Background: Forkhead box P3 (FOXP3)+ regulatory T cells (Tregs) are critical for controlling inflammation in the gastrointestinal tract. There is a paradoxical increase of mucosal FOXP3+ T cells in patients with inflammatory bowel disease (IBD). These FOXP3+ cells were recently shown to include interleukin (IL)-17A-producing cells in Crohn's disease, resembling Th17 cells implicated in autoimmune diseases. FOXP3 inhibits IL-17A production, but a naturally occurring splice variant of FOXP3 lacking exon 2 (Δexon2) cannot.
Aims: We hypothesized that IBD patients preferentially express the Δexon2 variant of FOXP3 so the paradoxically increased mucosal Tregs in IBD could represent cells expressing only Δexon2.
Methods: We used antibodies and primers that can distinguish between the full-length and Δexon2 splice variant of FOXP3 to evaluate expression of these isoforms in human intestinal tissue by immunohistochemistry and quantitative polymerase chain reaction (PCR), respectively.
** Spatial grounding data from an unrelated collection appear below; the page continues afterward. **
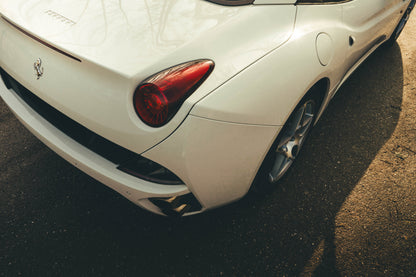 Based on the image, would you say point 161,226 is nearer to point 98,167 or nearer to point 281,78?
point 98,167

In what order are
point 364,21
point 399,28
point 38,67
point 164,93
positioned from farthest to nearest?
1. point 399,28
2. point 364,21
3. point 38,67
4. point 164,93

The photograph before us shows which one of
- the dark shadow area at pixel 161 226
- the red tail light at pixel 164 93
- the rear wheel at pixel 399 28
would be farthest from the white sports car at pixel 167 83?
the rear wheel at pixel 399 28

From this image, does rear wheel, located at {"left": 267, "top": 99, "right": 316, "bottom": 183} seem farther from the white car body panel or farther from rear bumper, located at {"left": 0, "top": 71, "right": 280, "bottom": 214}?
the white car body panel

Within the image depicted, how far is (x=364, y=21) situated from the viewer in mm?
1871

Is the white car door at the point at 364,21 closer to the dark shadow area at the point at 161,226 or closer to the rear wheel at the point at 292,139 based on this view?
the rear wheel at the point at 292,139

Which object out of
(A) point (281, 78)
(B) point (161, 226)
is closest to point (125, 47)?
(A) point (281, 78)

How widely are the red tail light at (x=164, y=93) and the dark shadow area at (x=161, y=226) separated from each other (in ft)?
3.00

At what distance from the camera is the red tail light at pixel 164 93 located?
3.58 feet

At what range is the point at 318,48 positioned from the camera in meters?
1.47

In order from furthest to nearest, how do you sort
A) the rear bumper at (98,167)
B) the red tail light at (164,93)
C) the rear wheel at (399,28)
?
1. the rear wheel at (399,28)
2. the rear bumper at (98,167)
3. the red tail light at (164,93)

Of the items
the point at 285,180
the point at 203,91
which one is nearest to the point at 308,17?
the point at 203,91

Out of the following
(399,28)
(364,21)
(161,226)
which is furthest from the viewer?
(399,28)

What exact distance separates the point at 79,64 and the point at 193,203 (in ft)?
2.67

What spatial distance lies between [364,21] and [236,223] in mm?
1580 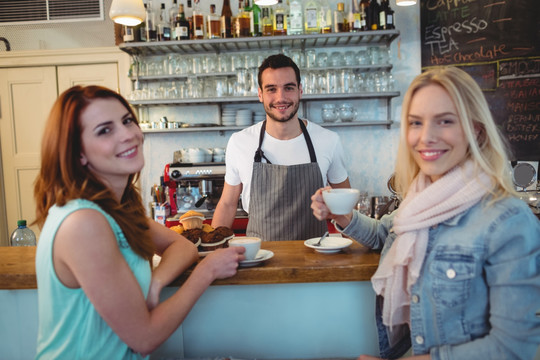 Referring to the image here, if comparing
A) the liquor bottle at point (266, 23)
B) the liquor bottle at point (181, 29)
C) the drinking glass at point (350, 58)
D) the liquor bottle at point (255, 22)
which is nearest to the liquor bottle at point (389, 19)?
the drinking glass at point (350, 58)

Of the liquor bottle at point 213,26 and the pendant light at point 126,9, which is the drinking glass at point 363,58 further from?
the pendant light at point 126,9

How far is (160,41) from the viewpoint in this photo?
12.2 ft

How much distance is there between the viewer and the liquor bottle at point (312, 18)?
365cm

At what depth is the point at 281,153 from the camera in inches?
95.5

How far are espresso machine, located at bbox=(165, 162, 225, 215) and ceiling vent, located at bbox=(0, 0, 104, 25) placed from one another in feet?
6.84

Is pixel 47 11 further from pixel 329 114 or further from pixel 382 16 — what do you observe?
pixel 382 16

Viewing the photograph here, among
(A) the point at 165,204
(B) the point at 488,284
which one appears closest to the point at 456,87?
(B) the point at 488,284

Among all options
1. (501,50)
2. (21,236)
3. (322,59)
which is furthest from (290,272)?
(501,50)

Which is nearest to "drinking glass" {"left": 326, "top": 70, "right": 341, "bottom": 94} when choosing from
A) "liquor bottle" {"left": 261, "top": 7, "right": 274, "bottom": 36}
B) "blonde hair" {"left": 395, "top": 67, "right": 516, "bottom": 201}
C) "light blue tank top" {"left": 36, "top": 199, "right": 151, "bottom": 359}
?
"liquor bottle" {"left": 261, "top": 7, "right": 274, "bottom": 36}

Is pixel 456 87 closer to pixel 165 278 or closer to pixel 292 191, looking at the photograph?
pixel 165 278

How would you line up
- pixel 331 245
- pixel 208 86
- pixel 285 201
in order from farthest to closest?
pixel 208 86 < pixel 285 201 < pixel 331 245

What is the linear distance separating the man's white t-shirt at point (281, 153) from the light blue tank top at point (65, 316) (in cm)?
139

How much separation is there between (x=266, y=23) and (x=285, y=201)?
2042 millimetres

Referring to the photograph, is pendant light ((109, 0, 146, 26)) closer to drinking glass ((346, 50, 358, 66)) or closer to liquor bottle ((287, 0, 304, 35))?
liquor bottle ((287, 0, 304, 35)) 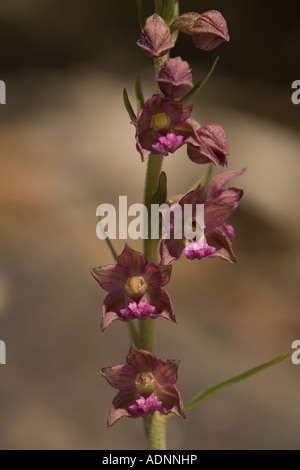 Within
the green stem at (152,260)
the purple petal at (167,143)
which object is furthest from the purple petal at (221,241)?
the purple petal at (167,143)

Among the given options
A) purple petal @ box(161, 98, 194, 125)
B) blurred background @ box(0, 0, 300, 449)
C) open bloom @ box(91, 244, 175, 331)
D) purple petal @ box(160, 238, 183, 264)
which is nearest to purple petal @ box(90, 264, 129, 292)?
open bloom @ box(91, 244, 175, 331)

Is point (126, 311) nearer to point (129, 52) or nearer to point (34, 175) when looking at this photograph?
point (34, 175)

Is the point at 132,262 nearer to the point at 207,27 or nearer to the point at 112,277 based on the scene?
the point at 112,277

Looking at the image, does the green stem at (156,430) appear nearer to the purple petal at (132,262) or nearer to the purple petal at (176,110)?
the purple petal at (132,262)

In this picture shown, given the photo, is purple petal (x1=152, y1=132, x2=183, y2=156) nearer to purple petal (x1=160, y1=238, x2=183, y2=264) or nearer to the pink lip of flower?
the pink lip of flower

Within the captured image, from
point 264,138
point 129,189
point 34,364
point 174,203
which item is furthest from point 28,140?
point 174,203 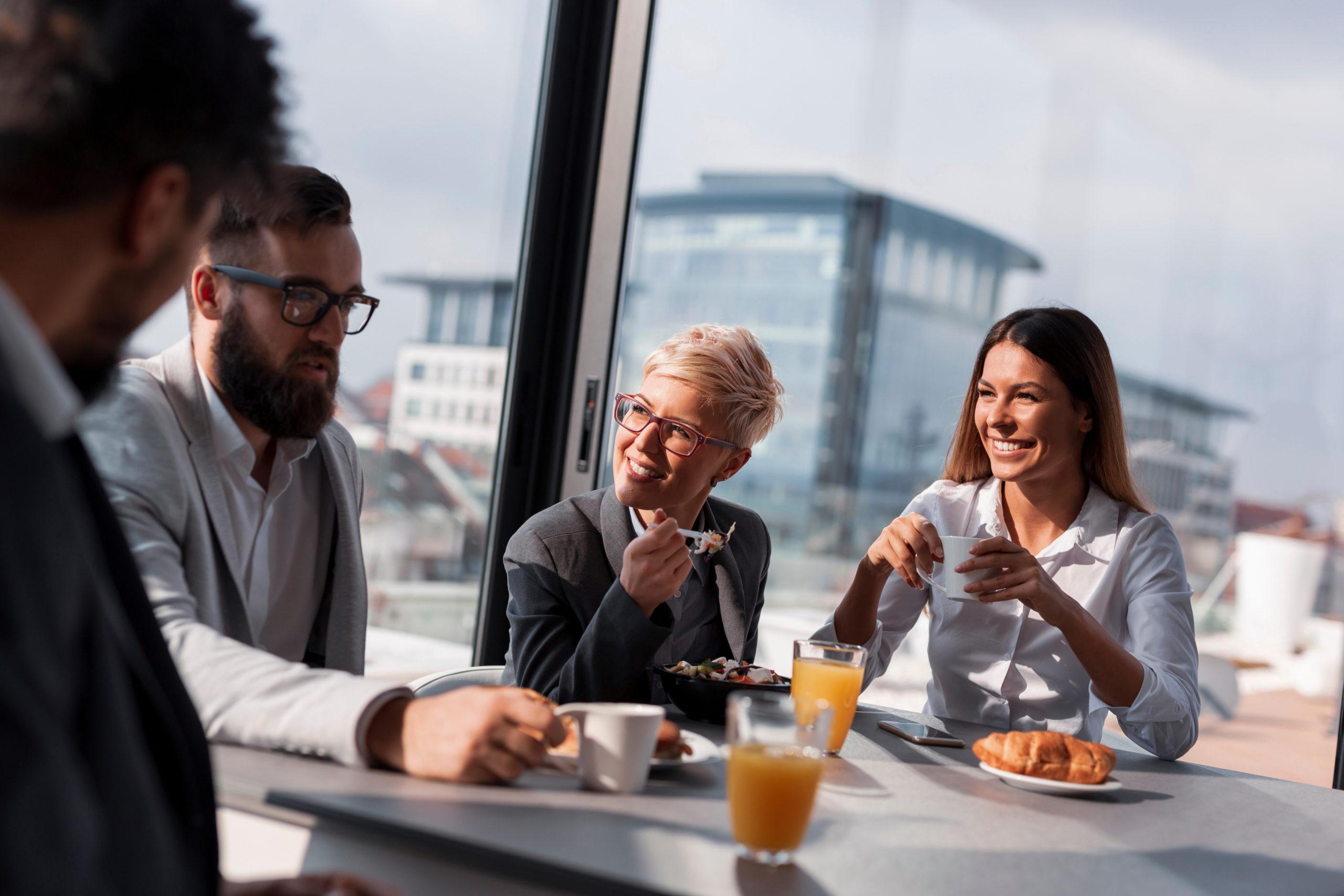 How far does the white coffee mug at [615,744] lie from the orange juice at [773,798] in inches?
5.9

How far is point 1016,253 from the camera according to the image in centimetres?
451

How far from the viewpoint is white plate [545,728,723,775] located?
1117 millimetres

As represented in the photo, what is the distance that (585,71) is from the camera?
2.77 m

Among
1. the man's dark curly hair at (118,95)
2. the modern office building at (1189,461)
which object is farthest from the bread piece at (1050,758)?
the modern office building at (1189,461)

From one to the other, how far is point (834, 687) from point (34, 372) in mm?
1021

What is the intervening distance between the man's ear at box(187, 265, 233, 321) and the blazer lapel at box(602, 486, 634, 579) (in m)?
0.68

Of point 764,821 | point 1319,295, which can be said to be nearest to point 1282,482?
point 1319,295

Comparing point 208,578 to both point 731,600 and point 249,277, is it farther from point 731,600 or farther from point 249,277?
point 731,600

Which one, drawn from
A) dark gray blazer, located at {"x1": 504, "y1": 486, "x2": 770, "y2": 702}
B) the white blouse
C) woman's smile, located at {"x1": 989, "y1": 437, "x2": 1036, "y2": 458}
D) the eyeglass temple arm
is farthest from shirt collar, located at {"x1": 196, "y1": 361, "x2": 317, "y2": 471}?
woman's smile, located at {"x1": 989, "y1": 437, "x2": 1036, "y2": 458}

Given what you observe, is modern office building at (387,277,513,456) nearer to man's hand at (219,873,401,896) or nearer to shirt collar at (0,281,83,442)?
man's hand at (219,873,401,896)

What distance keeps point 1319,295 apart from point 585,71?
7.53 feet

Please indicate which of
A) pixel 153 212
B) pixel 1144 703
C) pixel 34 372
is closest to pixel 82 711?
pixel 34 372

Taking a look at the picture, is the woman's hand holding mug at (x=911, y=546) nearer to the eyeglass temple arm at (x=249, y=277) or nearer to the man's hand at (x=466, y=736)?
the man's hand at (x=466, y=736)

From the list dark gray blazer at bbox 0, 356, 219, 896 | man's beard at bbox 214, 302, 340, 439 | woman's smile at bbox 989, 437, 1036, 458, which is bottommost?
dark gray blazer at bbox 0, 356, 219, 896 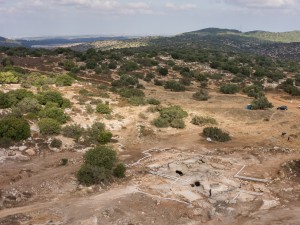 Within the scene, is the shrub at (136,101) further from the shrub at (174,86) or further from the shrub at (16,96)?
the shrub at (174,86)

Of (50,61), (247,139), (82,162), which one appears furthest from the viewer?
(50,61)

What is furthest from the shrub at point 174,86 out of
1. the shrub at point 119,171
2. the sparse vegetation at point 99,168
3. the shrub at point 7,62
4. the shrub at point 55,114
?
the shrub at point 119,171

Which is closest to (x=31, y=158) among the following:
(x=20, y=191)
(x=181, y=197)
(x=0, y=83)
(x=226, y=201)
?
(x=20, y=191)

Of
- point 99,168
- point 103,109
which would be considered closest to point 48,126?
point 103,109

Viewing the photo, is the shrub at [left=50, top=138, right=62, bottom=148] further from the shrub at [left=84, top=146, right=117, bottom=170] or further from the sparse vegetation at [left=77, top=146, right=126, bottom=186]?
the shrub at [left=84, top=146, right=117, bottom=170]

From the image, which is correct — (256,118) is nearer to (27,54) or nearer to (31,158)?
(31,158)

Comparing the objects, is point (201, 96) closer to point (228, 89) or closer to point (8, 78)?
point (228, 89) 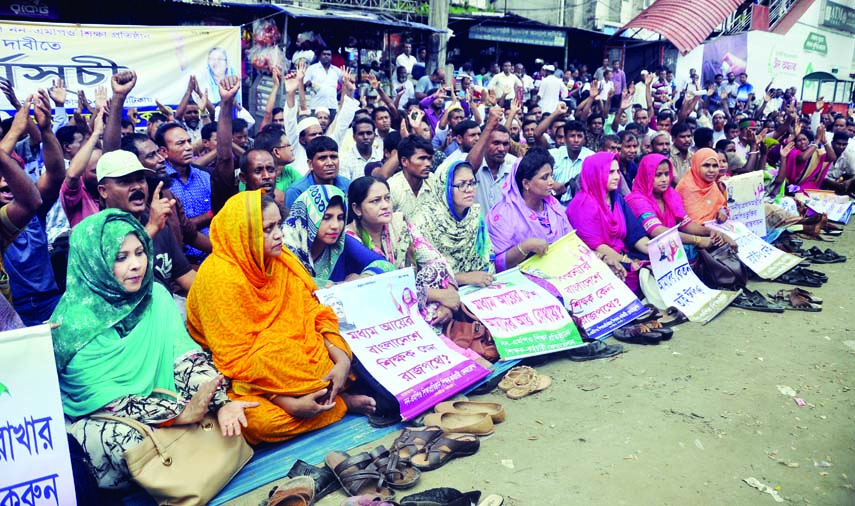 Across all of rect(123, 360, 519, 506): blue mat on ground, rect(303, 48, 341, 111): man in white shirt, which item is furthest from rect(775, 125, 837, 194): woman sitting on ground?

Results: No difference in the expression pattern of Δexon2 relative to full-length FOXP3 was seen in ulcerative colitis or Crohn's disease versus non-IBD controls. By immunofluorescence microscopy and flow cytometry, we also did not find individual cells which expressed FOXP3 protein exclusively in the Δexon2 isoform in either IBD or control tissue. FOXP3+ mucosal CD4+ T cells from both IBD and control specimens were able to make IL-17A in vitro after phorbol myristate acetate (PMA) and ionomycin stimulation, but these cells did not preferentially express Δexon2.
Conclusions: Our data do not support the hypothesis that selective expression of FOXP3 in the Δexon2 isoform accounts for the inability of copious FOXP3+ T cells to inhibit inflammation or IL-17 expression in IBD.